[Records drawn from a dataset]
+++

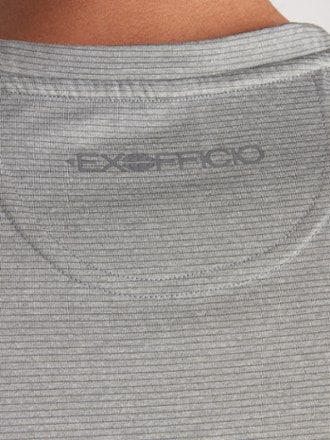 ExOfficio BugsAway Tarka Long-Sleeve Shirt - Men's 2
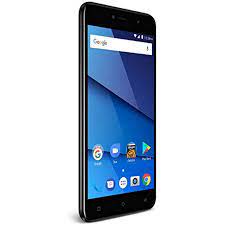 Marshall brain, jeff tyson & julia layton in 1983,. Blu Vivo 8l 5 3 4g Lte Smartphone 32gb 3gb Ram A Black Check Out This Great Product This Is An Affiliate Li Smartphone 4g Lte Unlocked Cell Phones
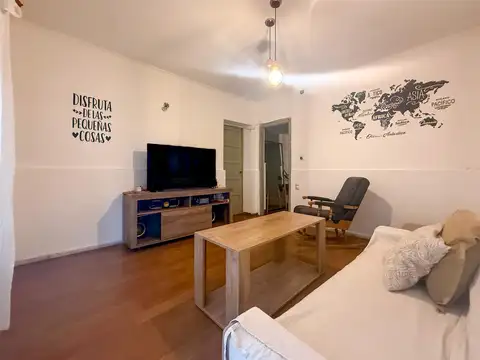 Casa en Venta en Cañada de Gomez, Iriondo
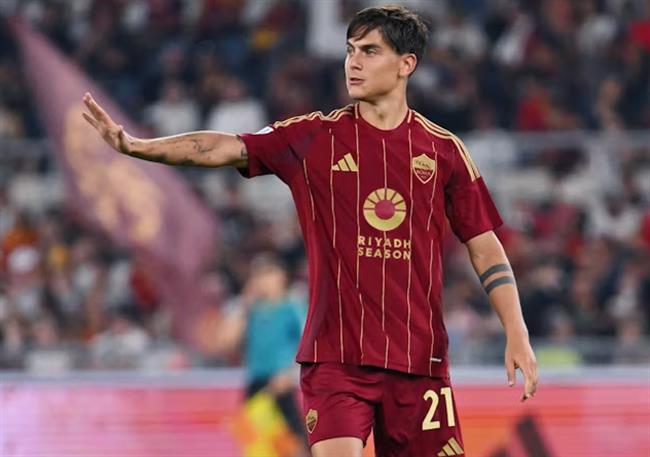Nhận định Roma vs Bologna (21h00 ngày 1011) Khó có nhiều bàn thắng 1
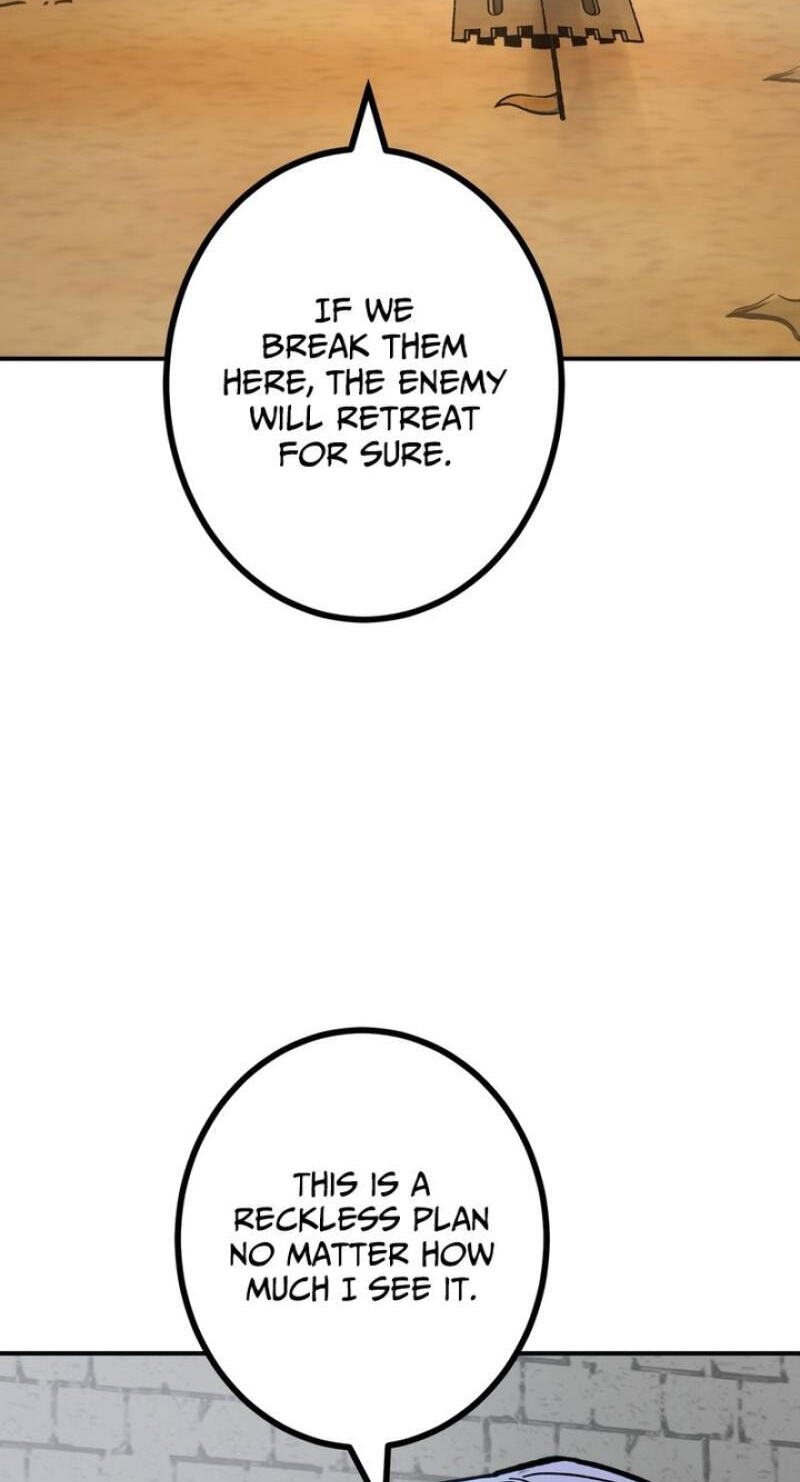 Saikyou Ansatsusha, Class Ten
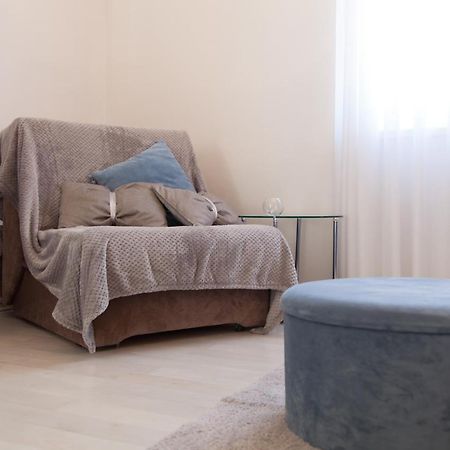 Split Dreams Apartment Extérieur photo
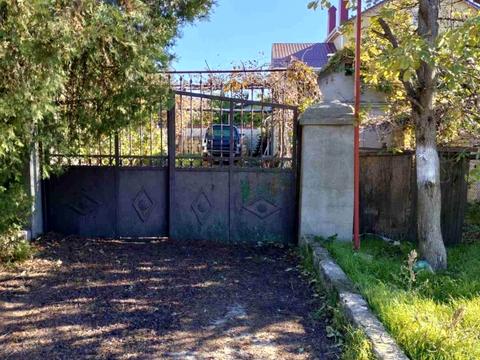 будинок за адресою Сонячна вул.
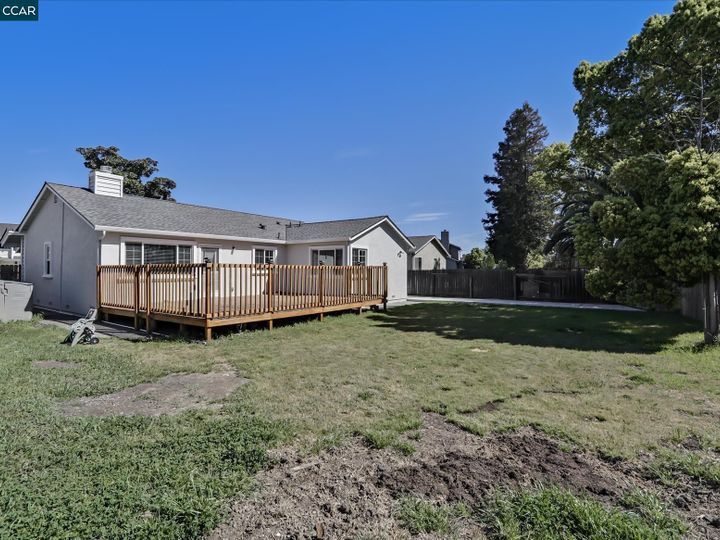 130 Longford Ln, Vacaville, CA | Brown Valley. Photo 33 of 39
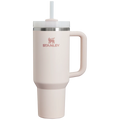STANLEY QUENCHER	ROSE QUARTZ 2.0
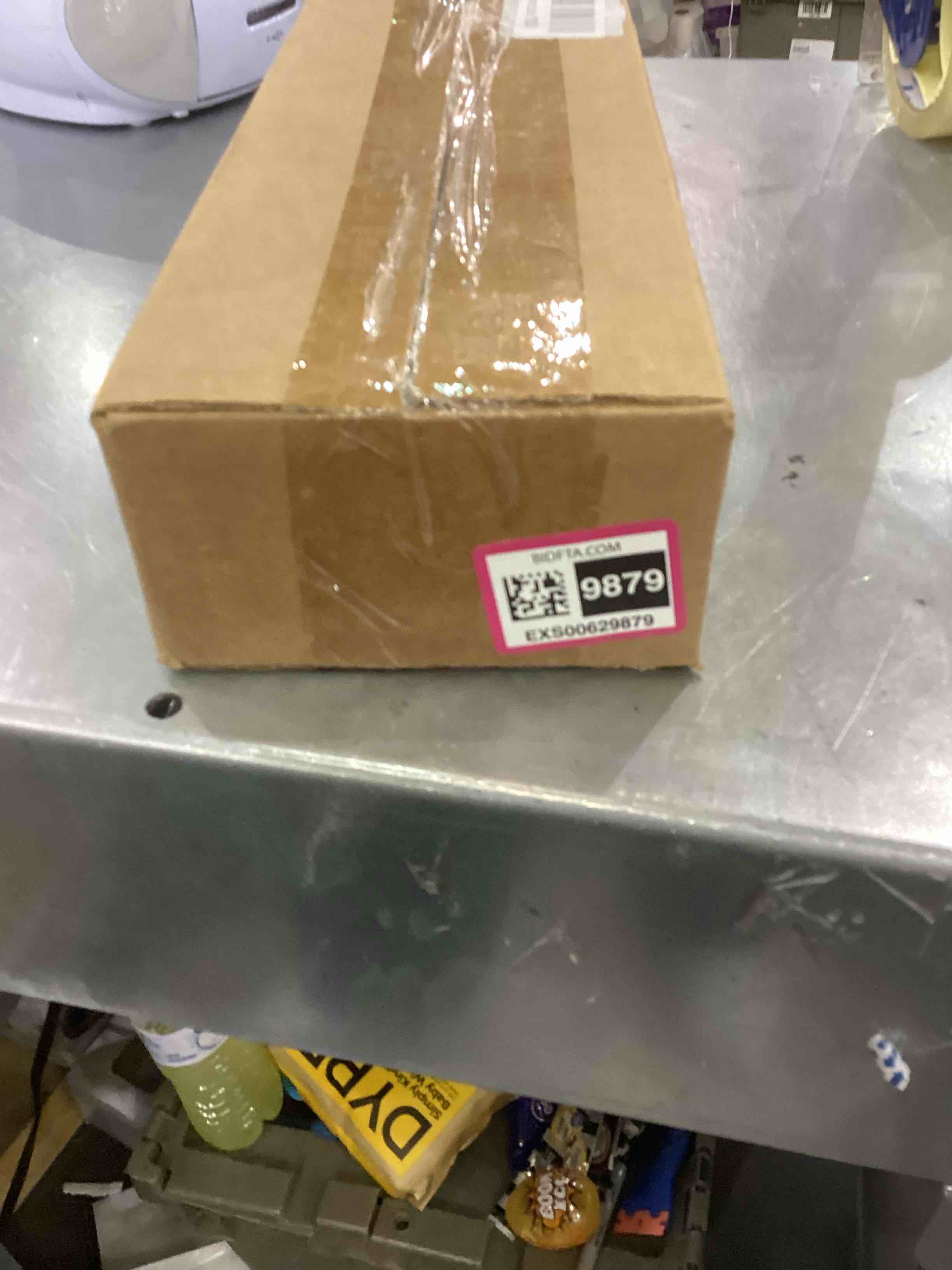 https://s3.amazonaws.com/lotting-images-prod/bidfta/EXS00629879_1695132827253.jpeg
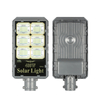 Automatisch opladen Buiten LED Solar Street Light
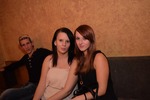 Party Night @ Bar GmbH 13609111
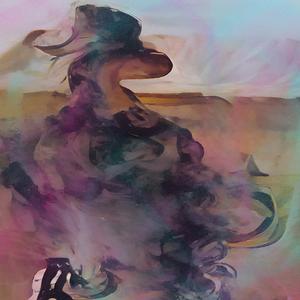 High Horse (feat. Malik X)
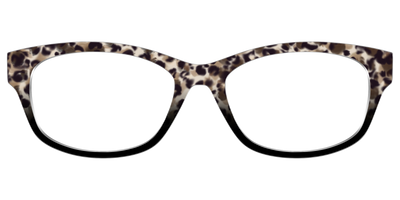 The Party Animal Tortoise - Front Top Thumbnail - Pair Eyewear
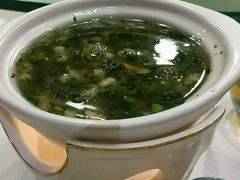 -黑明餐厅(白鹭洲店)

+++

Return the records above exactly, without the pictures.

_SOLVED EXERCISE:_
 ExOfficio BugsAway Tarka Long-Sleeve Shirt - Men's 2
 Marshall brain, jeff tyson & julia layton in 1983,. Blu Vivo 8l 5 3 4g Lte Smartphone 32gb 3gb Ram A Black Check Out This Great Product This Is An Affiliate Li Smartphone 4g Lte Unlocked Cell Phones
 Casa en Venta en Cañada de Gomez, Iriondo
Nhận định Roma vs Bologna (21h00 ngày 1011) Khó có nhiều bàn thắng 1
 Saikyou Ansatsusha, Class Ten
 Split Dreams Apartment Extérieur photo
 будинок за адресою Сонячна вул.
 130 Longford Ln, Vacaville, CA | Brown Valley. Photo 33 of 39
STANLEY QUENCHER	ROSE QUARTZ 2.0
 https://s3.amazonaws.com/lotting-images-prod/bidfta/EXS00629879_1695132827253.jpeg
 Automatisch opladen Buiten LED Solar Street Light
 Party Night @ Bar GmbH 13609111
 High Horse (feat. Malik X)
 The Party Animal Tortoise - Front Top Thumbnail - Pair Eyewear
 -黑明餐厅(白鹭洲店)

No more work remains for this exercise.